• [WHAT TO WORK ON]
Where the line containing "Reis Milch in" appears below, begin there and reproduce each line exactly through the last one, omitting pictures.

• [RECORDS PROVIDED]

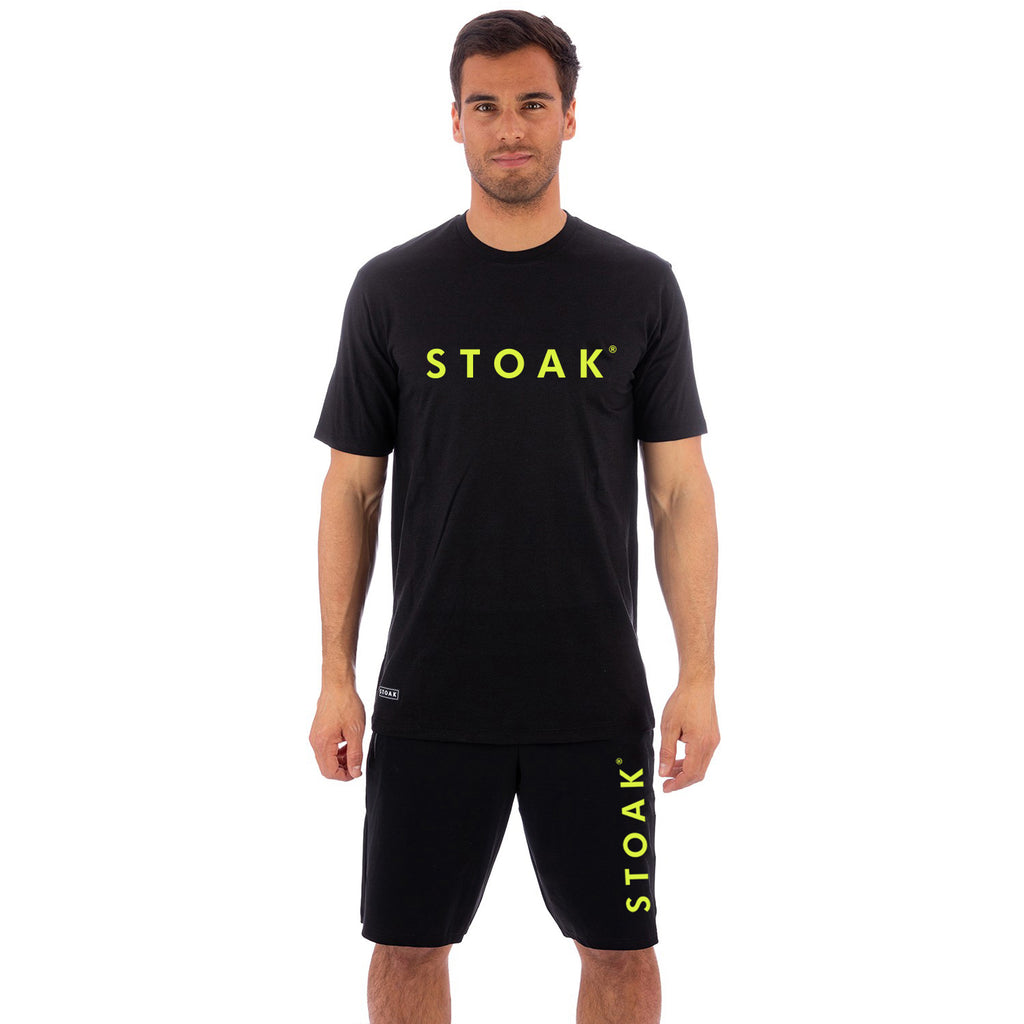 STOAK Carbon neon Package Herren T-Shirt und Shorts vorne 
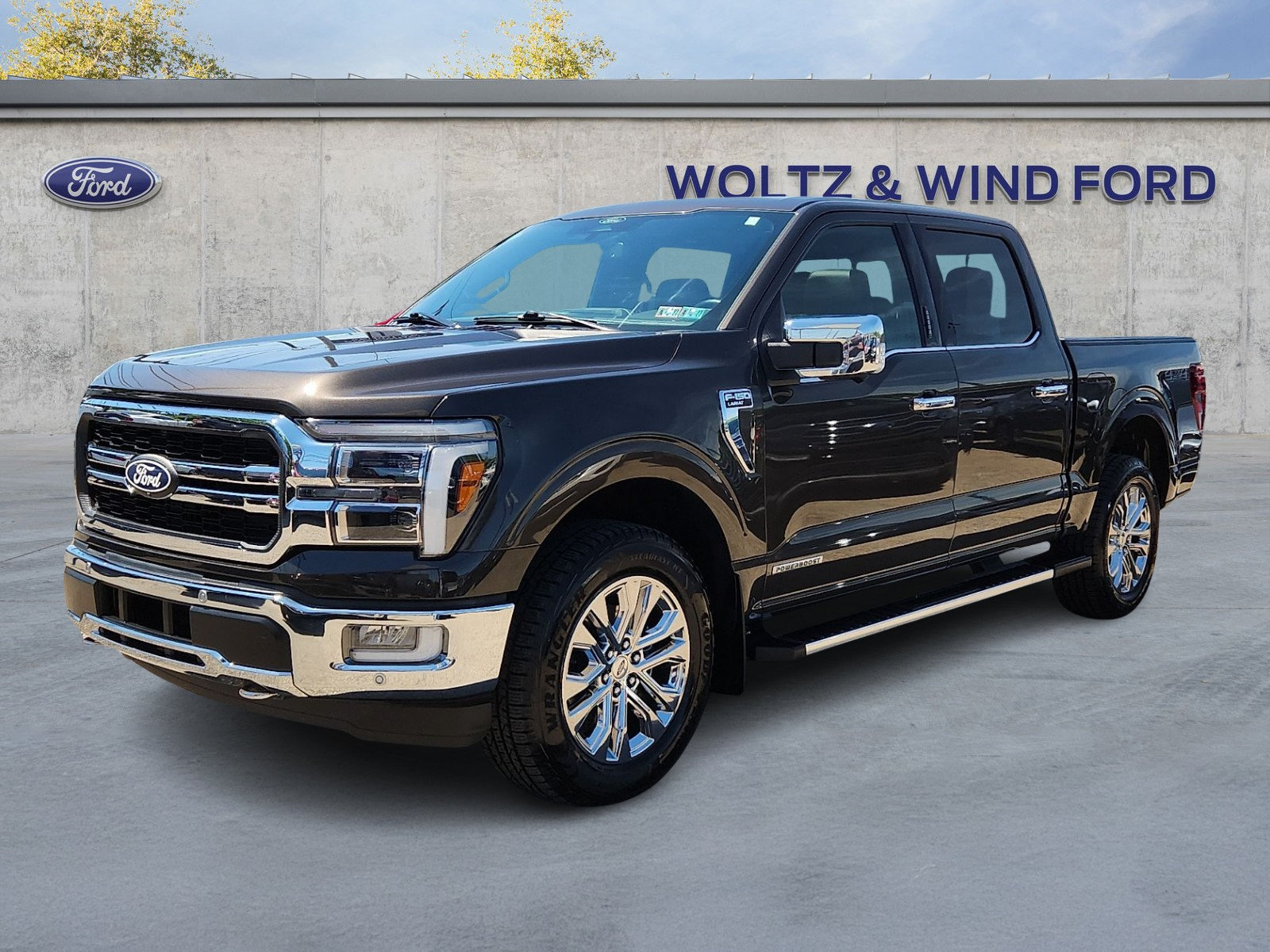 Certified 2024 Ford F150 Lariat w/ Bed Utility Package AWD/4WD image 3
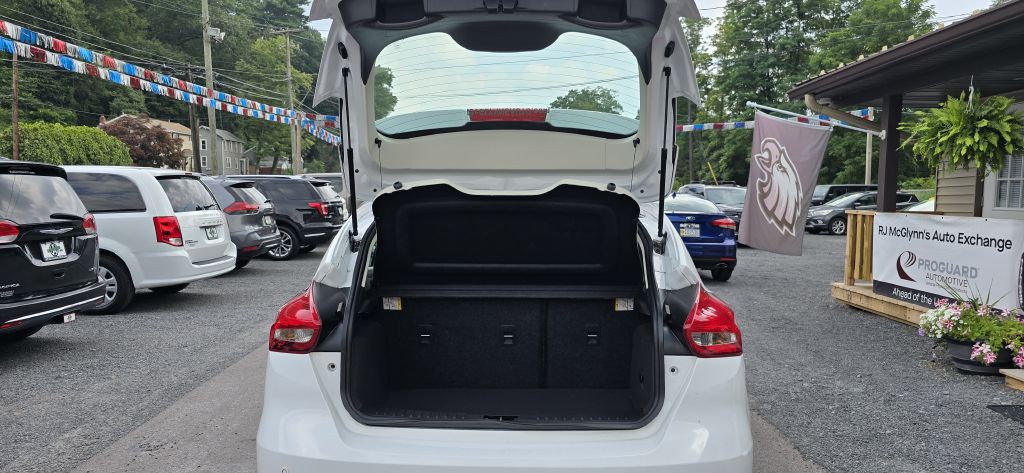2016 Ford Focus Image 20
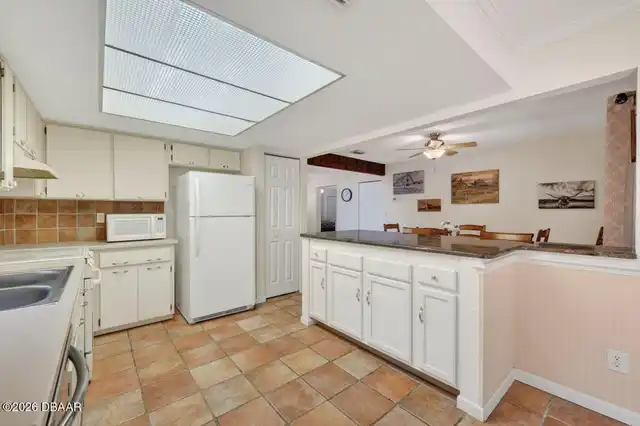 Listing Photo 14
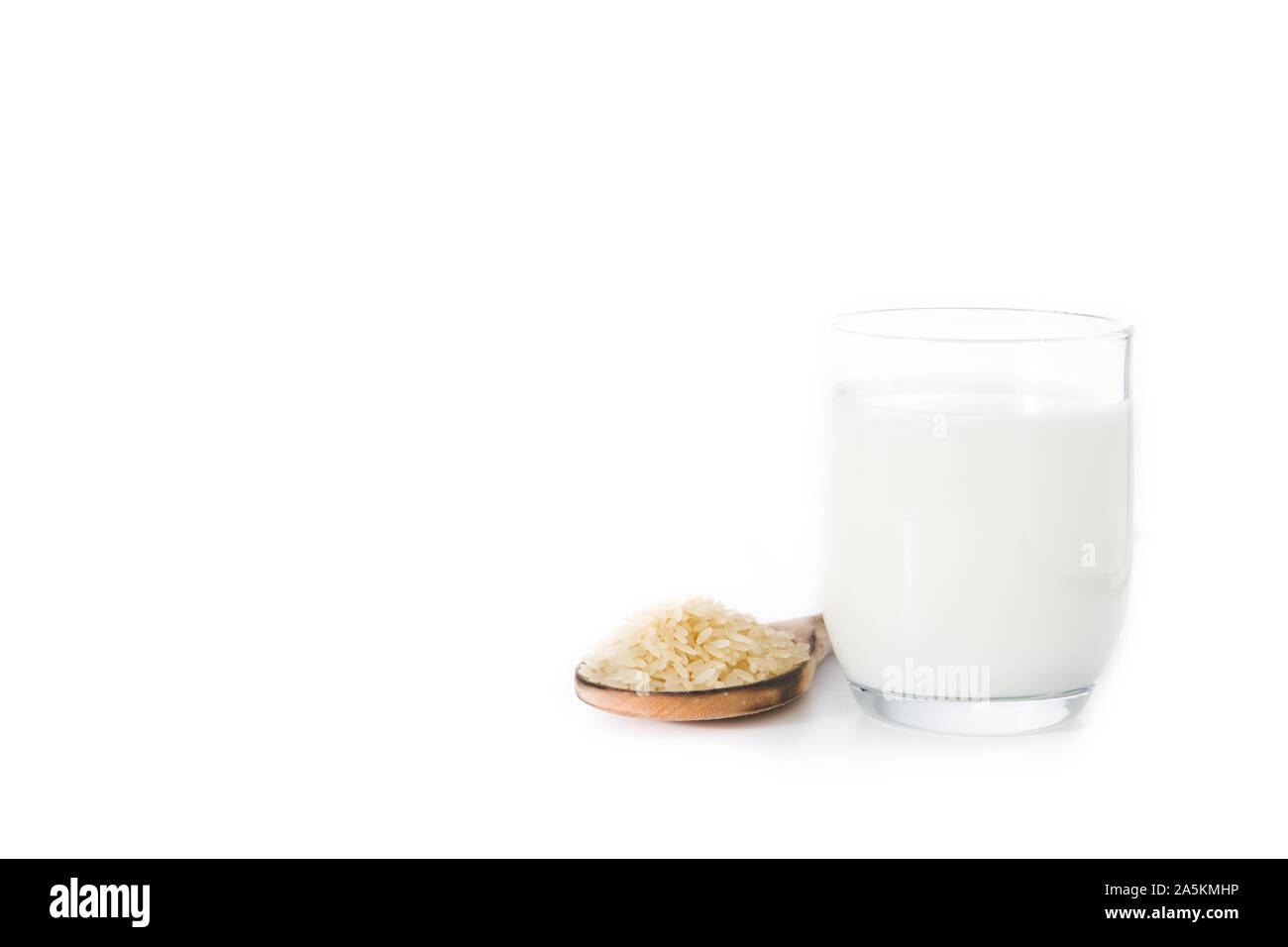 Reis Milch in Glas auf weißem Hintergrund. Platz kopieren Stockfoto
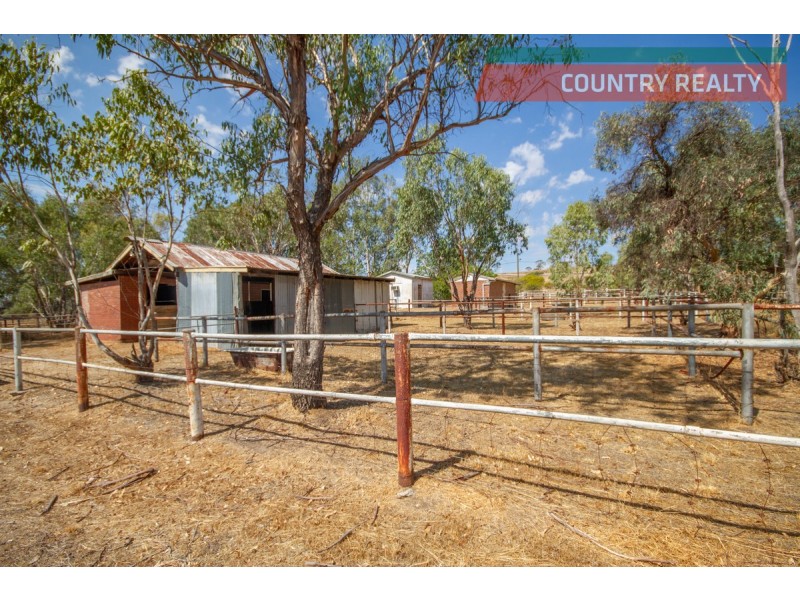 94 Burlong Road, Northam WA 6401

• [RESULT OF THE TASK]
 Reis Milch in Glas auf weißem Hintergrund. Platz kopieren Stockfoto
 94 Burlong Road, Northam WA 6401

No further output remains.